Valérie Pécresse, passée, le 29 juin, du ministère de l'Enseignement supérieur et de la Recherche à celui du Budget, des Comptes publics et de la Réforme de l'État.

© Photo Perenom

Dans le dernier numéro d'Industrie & Technologies, sorti le 10 juin, Valérie Pécresse répondait à nos questions concernant sa politique pour doper la recherche française. L'ex Ministre de l'enseignement supérieur et de la recherche, remplacée hier par Laurent Wauquiez, revenait sur les mesures mises en place depuis son arrivée rue Descartes en 2007 : de la réforme du crédit impôt recherche aux Instituts de recherche technologique (IRT), tout juste créés. Vingt jours avant son changement de poste, ses propos sonnaient déjà comme un bilan de son action en faveur du rapprochement entre recherche publique et privée, dont l'ambition était "la réindustrialisation de la France".

IT : Dans le cadre des investissements d'avenir, vous avez lancé les instituts de recherche technologique (IRT). Qu'en attendez-vous ? Plus généralement, que va changer le Grand emprunt pour la recherche ?

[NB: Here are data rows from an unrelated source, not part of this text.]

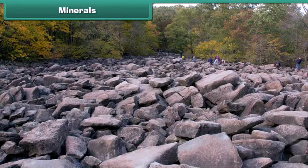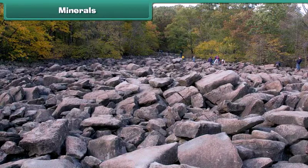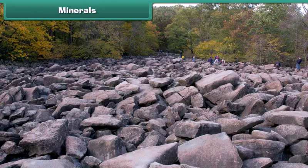Minerals. We have learned about rocks. All rocks are made of minerals. Wondering what minerals are? Come, let us know.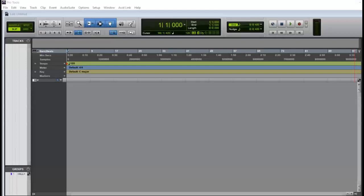Greetings Pro Tools users. This is just a quick informative video on the latest Pro Tools 2020. This is on a PC Windows computer.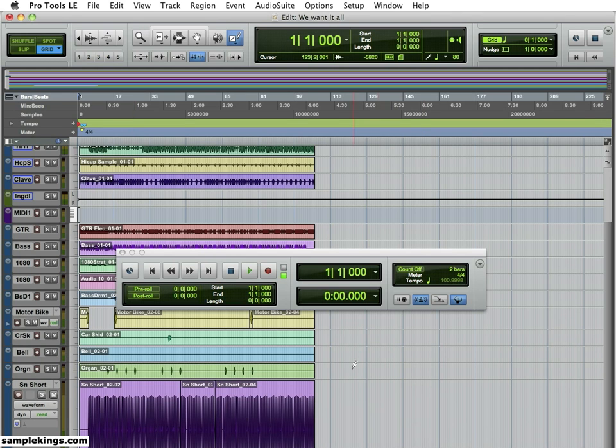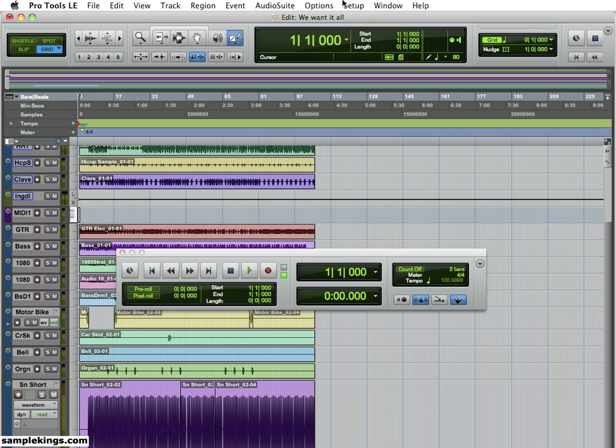I've got my Axiom Pro 61 plugged into my computer with a USB cable. Next, I want to set up Pro Tools to send information back and forth over the HyperControl system.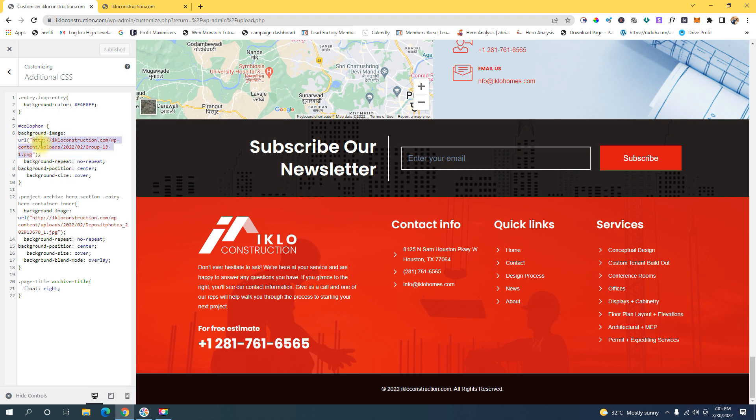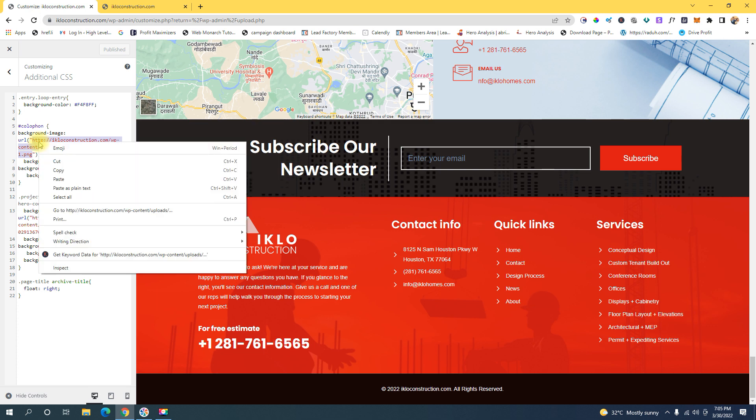This is the image URL. Remember we copied the image URL from our gallery? You're going to paste the URL in this block right here. I'm going to show you how it's done.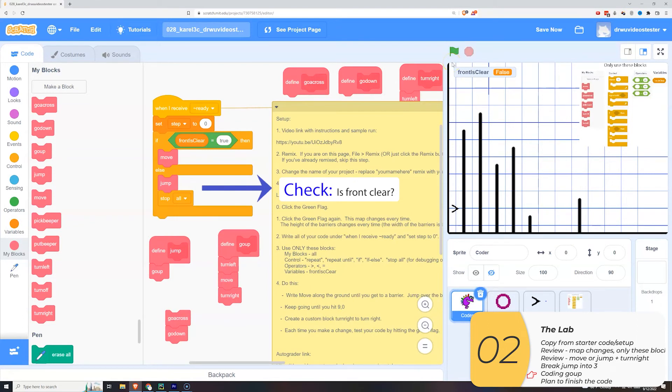In this particular example the front is not clear. So I need to repeat these until the front is clear.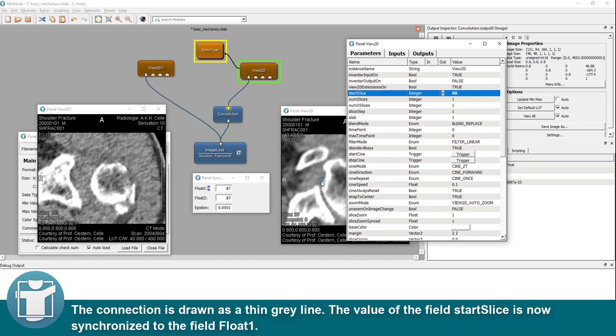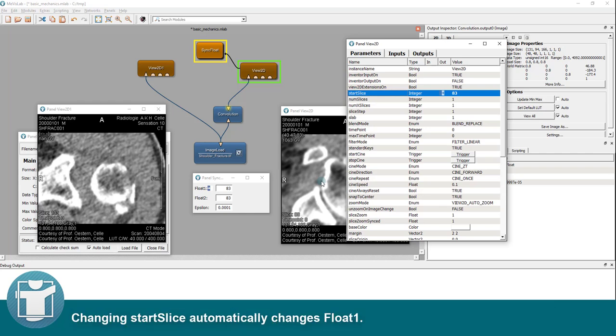The connection is drawn as a thin gray line. The value of the field start slice is now synchronized to the field float 1. Changing start slice automatically changes float 1.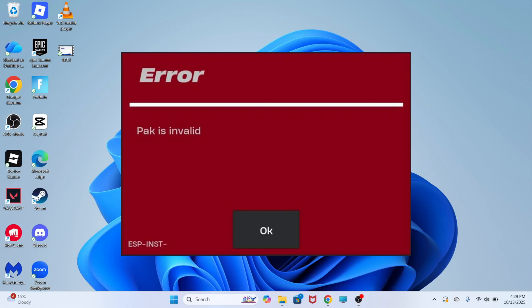How to fix the pack is invalid error message. If you've recently updated Fortnite then you may be seeing this pack error message.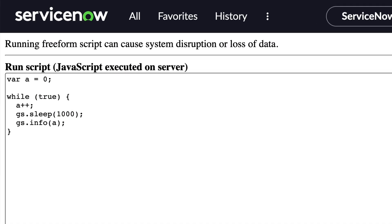Let's take an example like this. It doesn't take much to see that this is a bad script because it will never break out of the while loop — the condition is always true. Of course, you would never purposely do something like this, but it's likely that you'll run into a similar situation where the system keeps processing with no end in sight.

Valérie Pécresse : Les Investissements d'avenir ont fait émerger de nombreux projets enthousiasmants sur l'ensemble des territoires. Nous commençons à avoir une vision claire des premiers résultats même si nous ne connaîtrons tous les lauréats de la première vague des appels à projets qu'en juillet. On dispose enfin de moyens pour financer ce qu'on ne savait pas bien financer jusqu'ici. Ils arrivent à point nommé pour mettre nos laboratoires au niveau des meilleurs standards mondiaux. Le premier volet concerne l'équipement scientifique. Le but est d'équiper nos laboratoires, non seulement en matériels, mais aussi en bases de données et en tout ce qui favorise leur efficacité. Le deuxième volet porte sur les laboratoires d'excellence dont l'objectif est de faire émerger des labos de rang international. Le fait d'avoir recours à un jury international, composé de chercheurs et d'industriels, pour juger et sélectionner les projets est radicalement nouveau. On s'aperçoit ainsi que les projets retenus ne sont pas nécessairement ceux qu'on attendait. Ce mode de sélection favorise l'émergence des projets les plus créatifs et originaux. Comme celui d'un laboratoire de Guyane sur la biodiversité, celui de Paris VIII sur l'art du XVIIIe siècle, ou encore celui sur la mémoire, où la France va participer au projet du musée Ground Zero, à New York, en s'appuyant sur son expérience du Mémorial de Caen.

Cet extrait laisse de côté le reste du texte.